About Gifu

Located in the middle of Japan’s Honshu Island, and roughly 2 hours from Tokyo, or 1 ½ hours from Kyoto or Osaka, Gifu Prefecture is a region of Japan brimming with timeless traditions and breathtaking natural wonders.   Here, visitors can immerse themselves in the grand outdoors and participate in traditions and culture that have been preserved and lovingly passed down the generations. 

Agent Resources – Webinar

To learn more about Gifu Prefecture, please enjoy this 19-minute webinar highlighting just some of the regions destination highlights, experiences and features that showcase why a visit to Gifu Prefecture should be factored into your post-COVID travel plans to Japan.

Gifu Highlights


Takayama is often regarded as one of the most traditional cities in all of Japan.  The Takayama Historic District retains most of its original buildings and traditional architecture to this day. The three streets, collectively known as Sanmachi-dori Streets, house the charming and historic centre of old Takayama. Distinguishable by the distinctive, old architecture and shops, the district is home to crafts and sake breweries, as well as food stalls selling local specialties such as mitarashi dango and Hida beef skewers.  Other popular places to visit in Takayama include the Takayama Jinya (Historical Government House), the Takayama Morning Market, and the Higashiyama Temple District.

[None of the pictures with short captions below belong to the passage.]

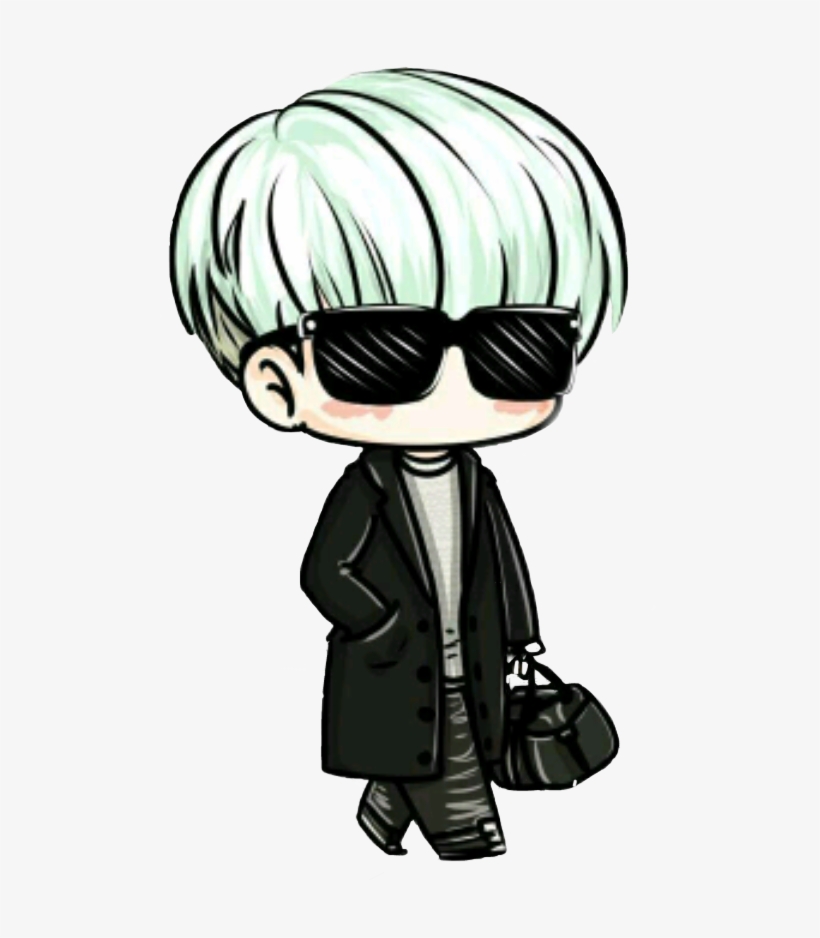 Free Collection Of Free Suga Drawing Mint Hair - Suga Chibi, transparent png download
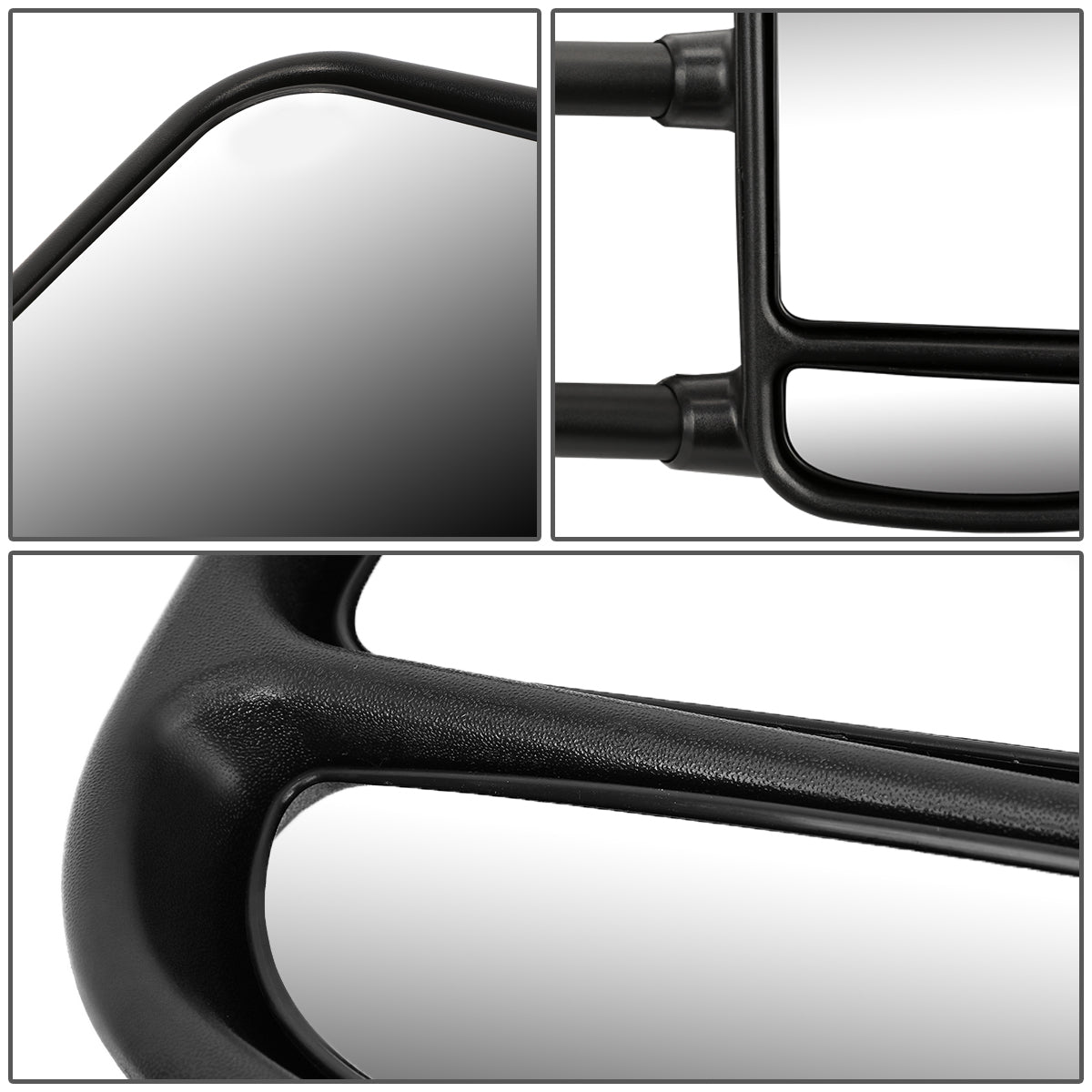 Manual Towing Mirrors (Pair)<br>03-14 Ford E150 E250 E350 E450 E550 Econoline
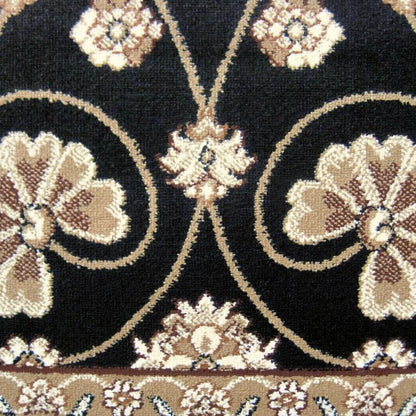 Regal 8001 Black Rectangle Rug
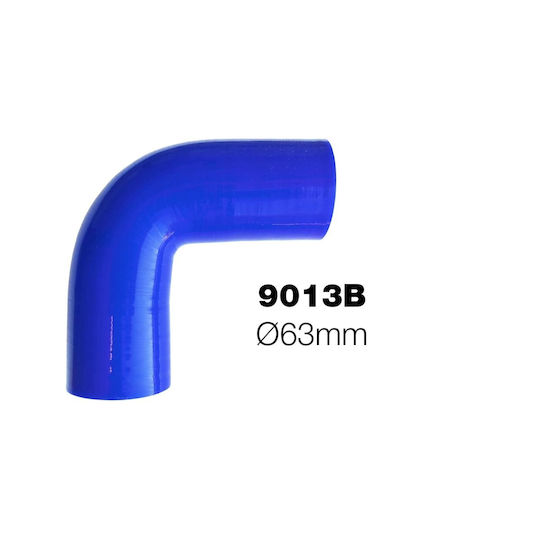 Simoni Racing Car Silicone Hose Air Intake with 45° Angle 63mm Diameter σε 51mm Universal Blue
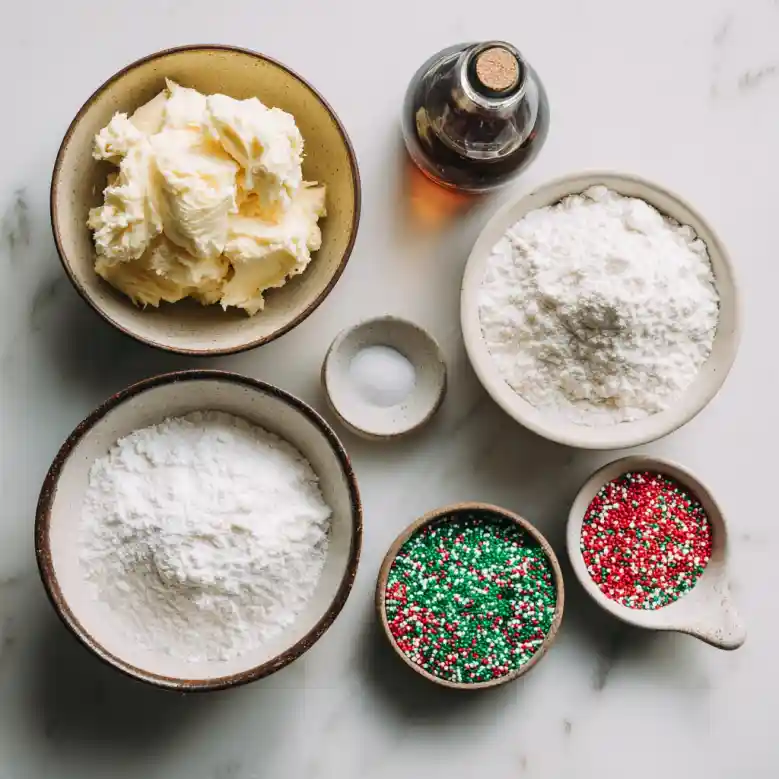 Christmas Shortbread Cookie Bites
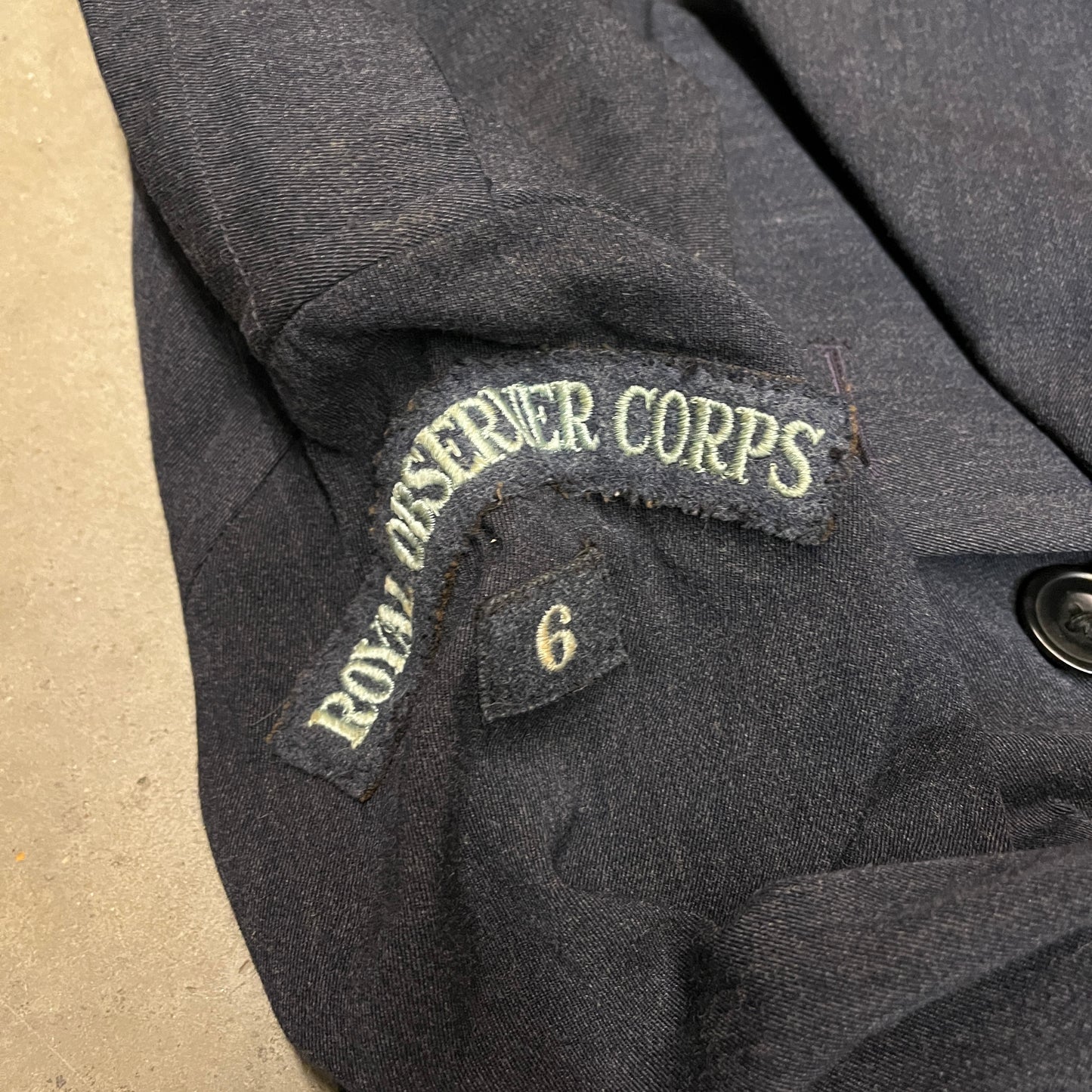 Post WW2 Dated 1952 Royal Observer Corps Rain Mac
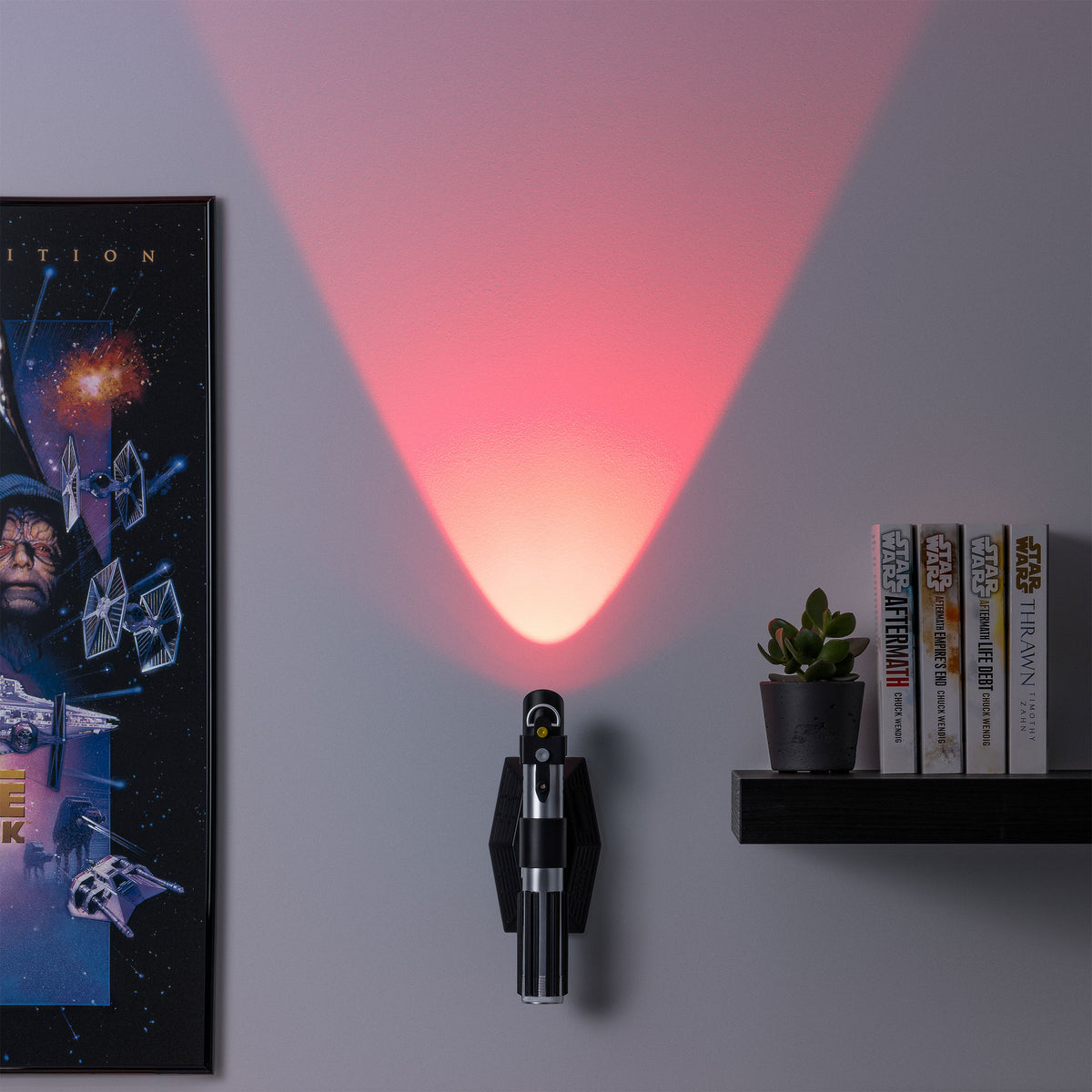 Productafbeelding Star Wars - Lightsaber LED Wandlamp met Geluid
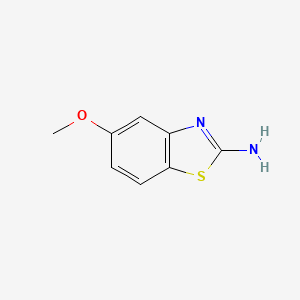 molecular formula C8H8N2OS B1265578 5-Methoxybenzo[d]thiazol-2-amine CAS No. 54346-87-1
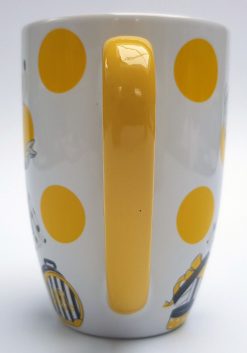 Disney Store Parisienne Minnie Mouse Yellow Polka Dot Mug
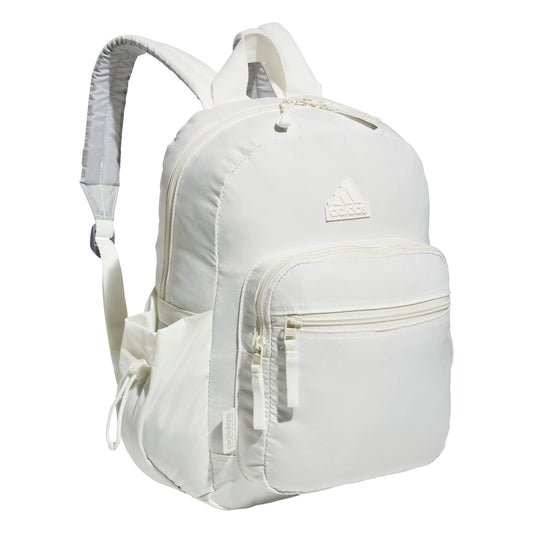 adidas Weekender Sport Fashion Compact Smaller Backpack with Detachable Mini valuables Pouch Off White One Size - Renee Lane Company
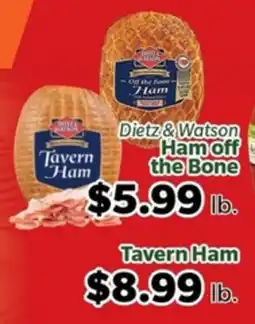 Living Fresh Market Dietz & Watson Ham off the Bone, Tavern Ham offer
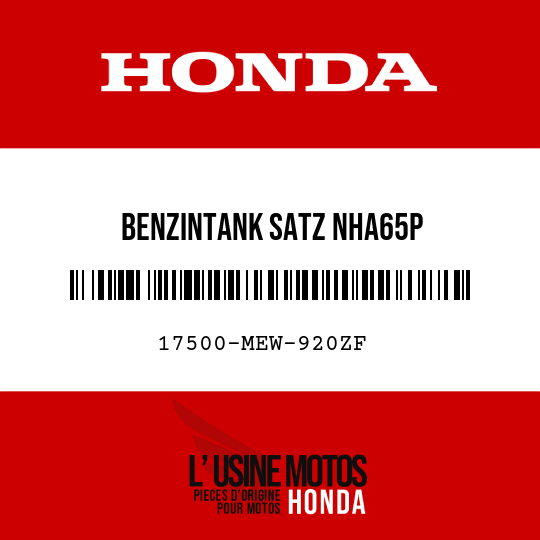 image de 17500-MEW-920ZF BENZINTANK SATZ NHA65P 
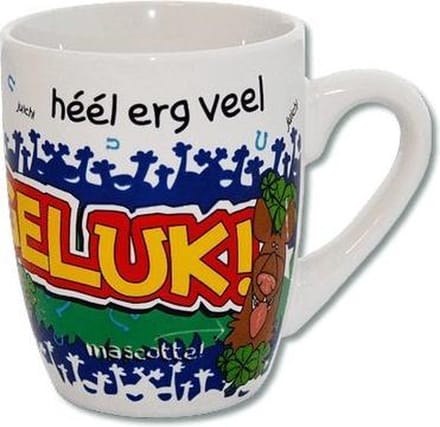 Cartoonmok / Beker  Geluk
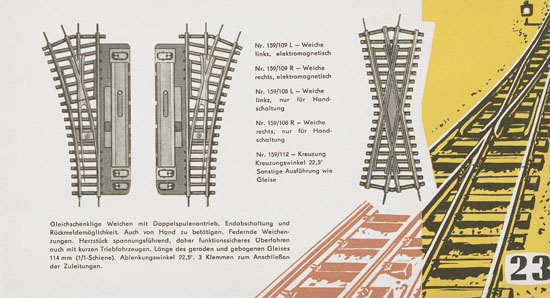 Zeuke-Bahnen Katalog 1961/1962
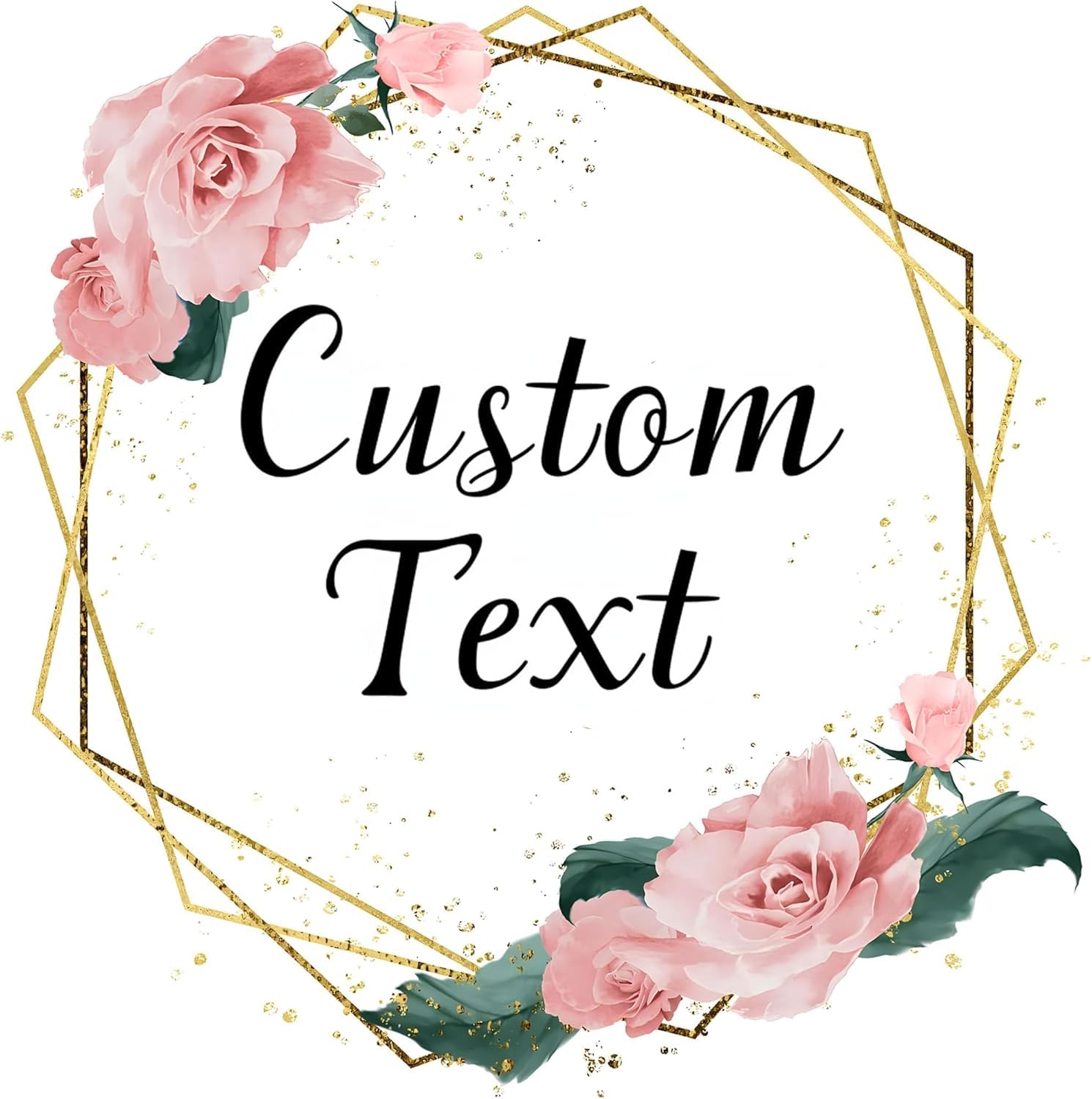 Custom Logo Stickers - Design Your Own Personalized Labels with Text, Image, & Photo - Waterproof, UV Protected, Fade & Heat Cold Resistant - Pack of 100 (Wreath 24, 63mm) โ image 1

Gifu’s tradition and outdoor beauty combine in the fairy tale like settlement of Shirakawa-go. This UNESCO Heritage listed site, part of Shirakawa Village, is known for its gassho-zukuri style houses, with roofs that are designed to resemble hands that are clasped in prayer.  Wander among the rice paddies and beautiful residences, many of which are still lived in today.

Old Nakasendo Road

The South-East corner of Gifu is steeped in history and is home to a large portion of the road that connected Tokyo with Kyoto in the Edo Period. You can wander the old streets of towns lined with traditional Japanese houses and take in the scenery as the road winds through forests and gorges. Tours are available to explore the road by foot and by cycle whilst learning about the area’s medieval history, and are available in either day trip format, or multi-day hiking or cycling experiences. 

Gero City

Gero Hot Spring, considered one of the three most famous hot springs in all of Japan is particularly famous for the incredibly smooth quality of the water found here.  Foot baths scattered throughout the town make taking a stroll a pleasure, as you can soak in the hot spring water virtually anytime and anywhere.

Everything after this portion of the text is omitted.